Brian, psychologically nuanced characters go back to the Greeks–it’s hardly a tenet peculiar to the 20th Century movement which gave us “Nude Descending a Staircase”, the Dadaists and Marinetti. And there’s a lot more evidence–like the movies themselves, one after another after another of them–suggesting that Eastwood is *trying* to create rounded, coherently detailed characters, and just failing, than there is that he’s some kind of brilliant, forward-thinking artist who’s out-thought those hoary old nags Faulkner and Renoir and their inexplicable clinging to those funny little things they liked to call their “characters”. If you can’t look at that kid gunfighter in “Unforgiven” and see he’s just a misshapen, badly acted mess derived from a million earlier Westerns, well…then we’re just at an impasse.
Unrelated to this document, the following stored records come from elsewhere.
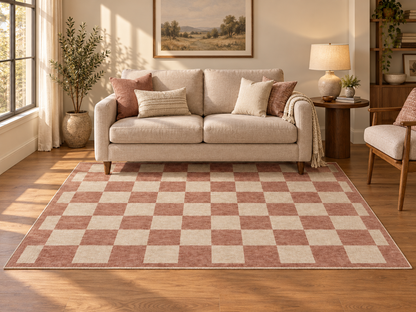 Apollo Sunday Check Area Rug — Dusty Rose / Cream — living room in soft afternoon light. Digital visualization.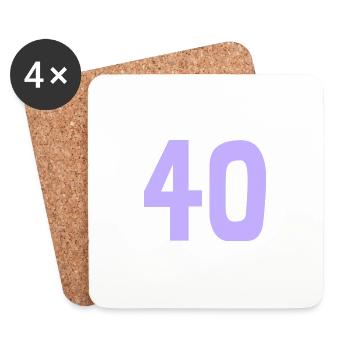 40. 40 ANS. 40e ANNIVERSAIRE. ANNIVERSAIRE 40 ANS. - Dessous de verre (lot de 4) - blanc - Devant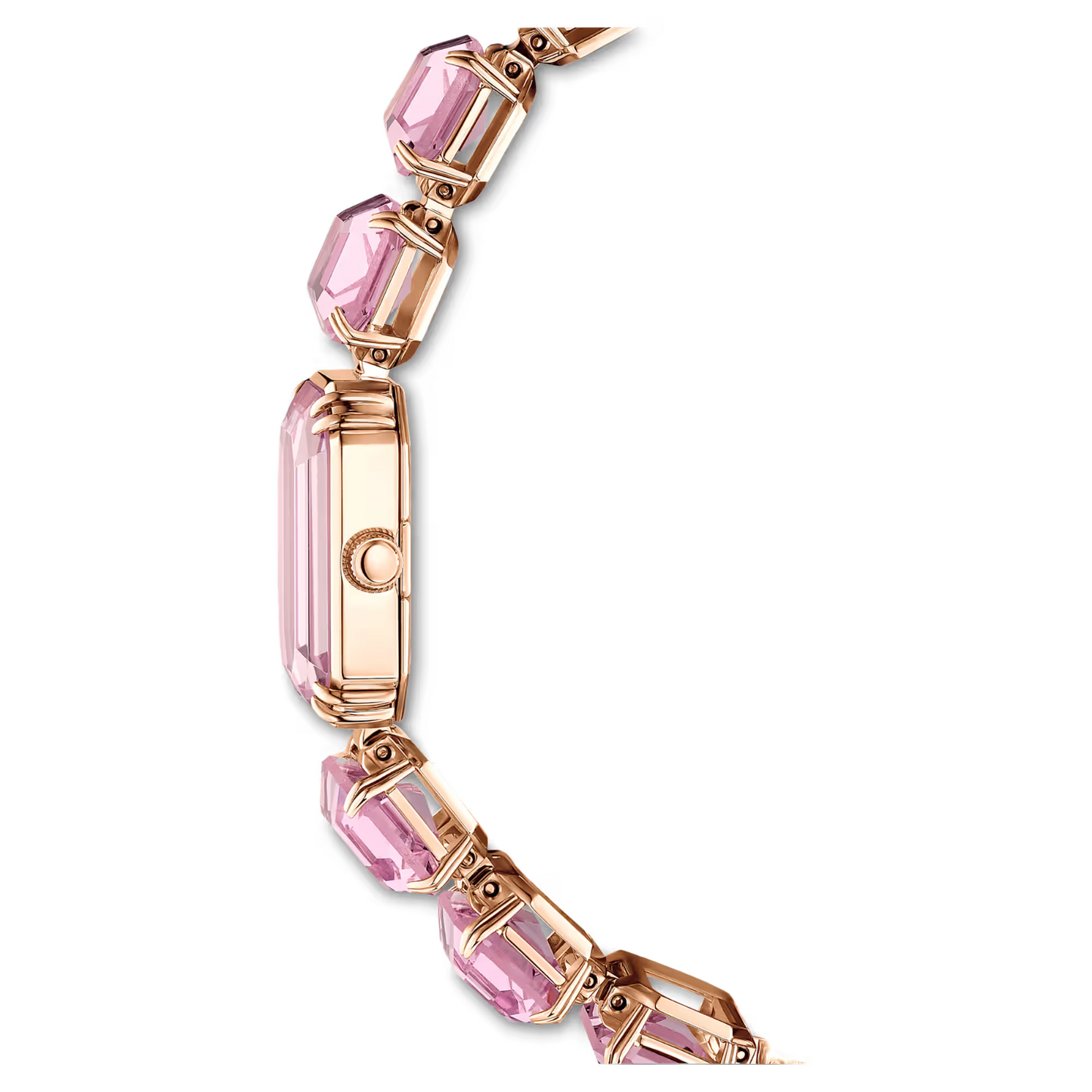 Swarovski Octagon cut bracelet, Pink, Rose gold-tone finish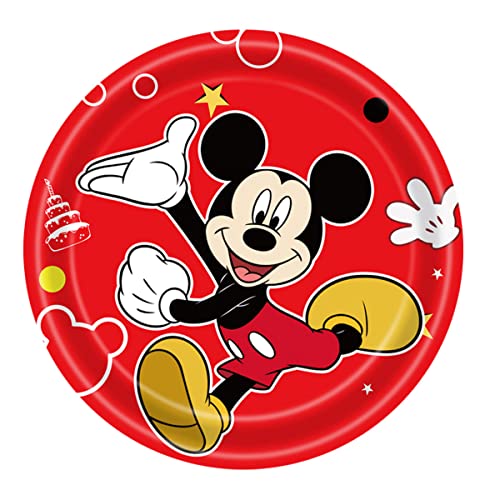 Mickey Mouse Theme Birthday Party Supplies,Includes 20 Paper Plates - 20 Napkin - 1 Table Cloth Serves 20 Guest #TOP1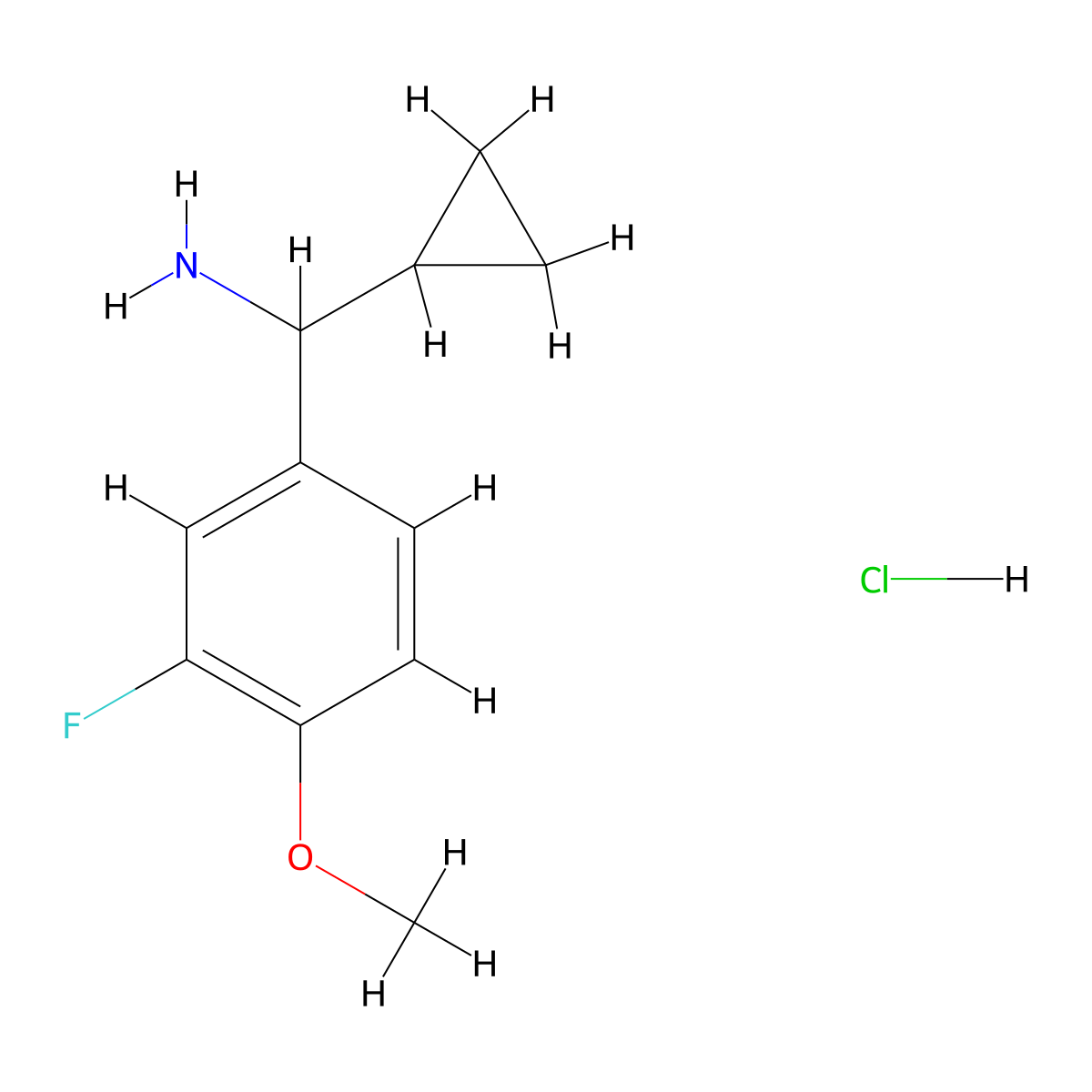 1-Cyclopropyl-1-(3-fluoro-4-methoxyphenyl)methanamine hydrochloride molecular structure, CAS 2613382-70-8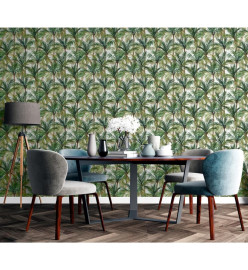 DUTCH WALLCOVERINGS Papier peint Palm Trees Vert et blanc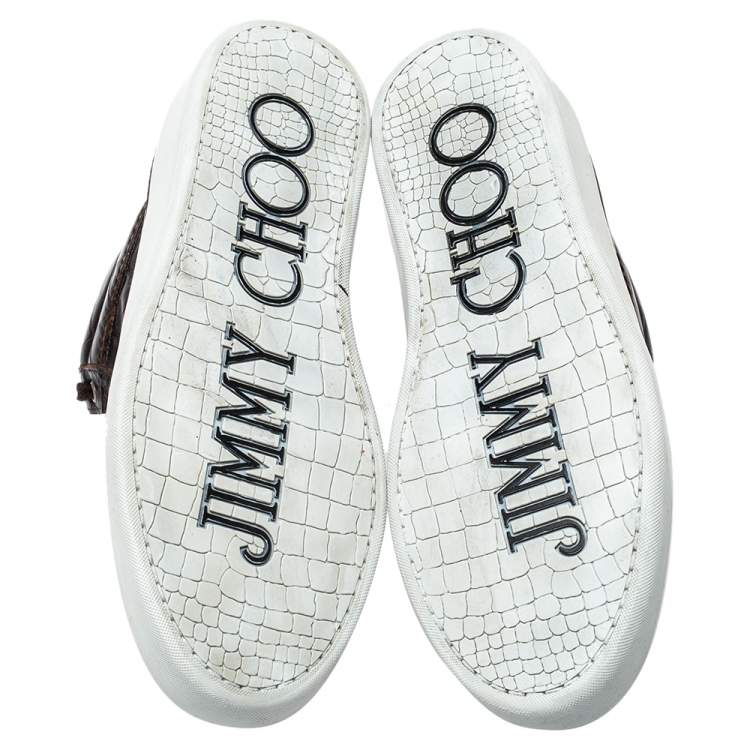 Pre Owned Jimmy Choo Brown Crocodile Embossed Leather Belgravia High Top Sneakers Size 43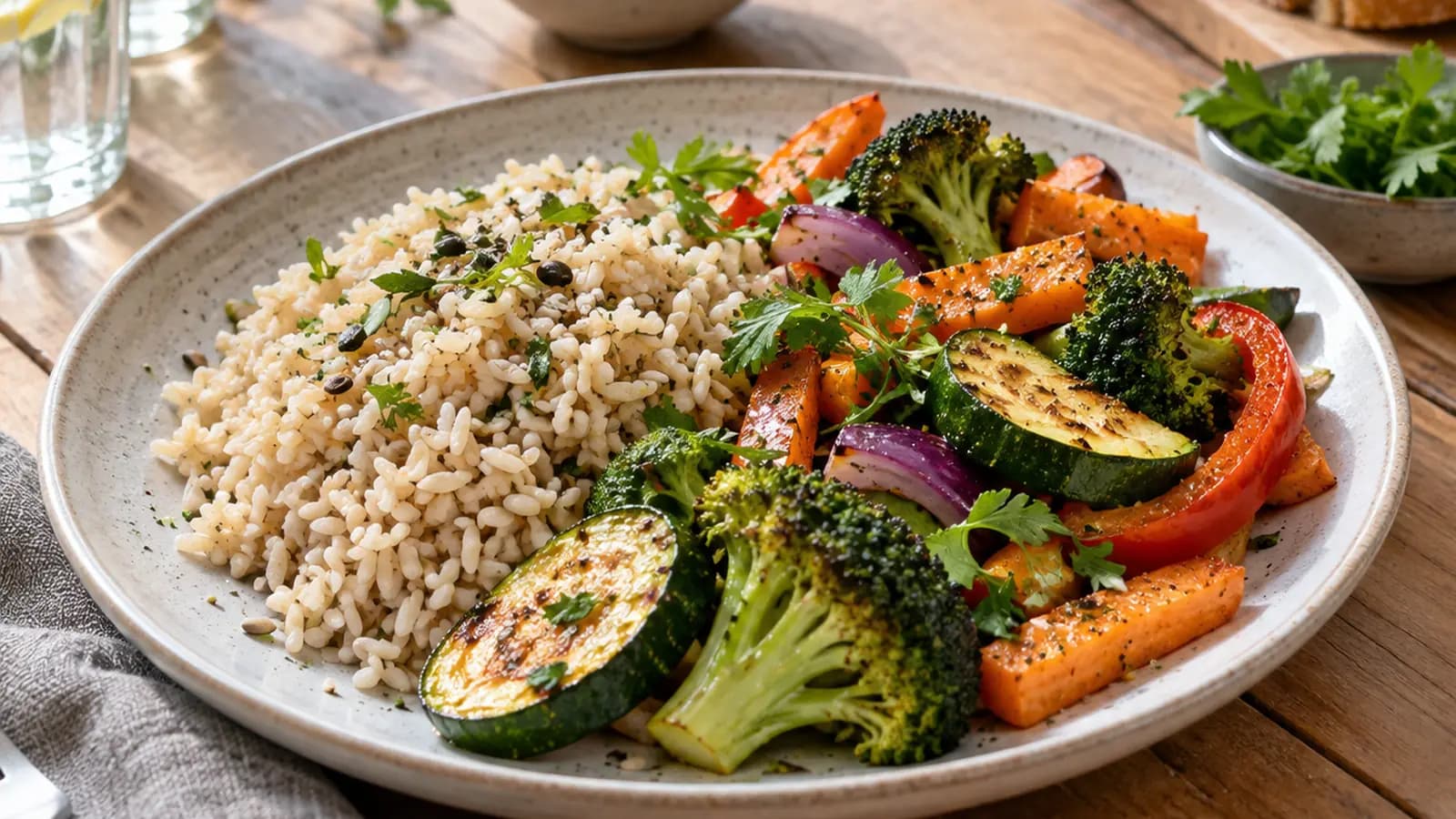 Assiette de pâtes complètes avec légumes rôtis et œuf, sur une table claire en lumière naturelle, sans texte ni logo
It’s comments like Dauth’s the leave me really feeling like my retinas are just differently adjusted from everyone else’s. I mean, yes, there’s lots of great art that deliberately eschews psychological complexity or easy mimesis. If I want to see a cleverly queered text, Derek Jarman made plenty of clever genre-aware pastiches that top the underside of classical culture. When it comes to bouncing deliberately flat creations off each other to generate sparks, Velvet Goldmine, the collected works of Spike Lee, and hell, Serial Mom do a great job of it. Clint Eastwood is just Norman Jewison, a solid maker of socially-conscious films which try to use psychology and narrative for catharsis (what *else* is there to Mystic River?) and do it terribly badly. He’s really good if you like films that spell out every emotion the audience is supposed to feel and tell you every thought you’re supposed to have, but put him next to even a mid-level creator of mis-en-scene like Sidney Lumet, and he looks just a half-step above a Happy Madison production, just with the “desaturate” knob turned way up.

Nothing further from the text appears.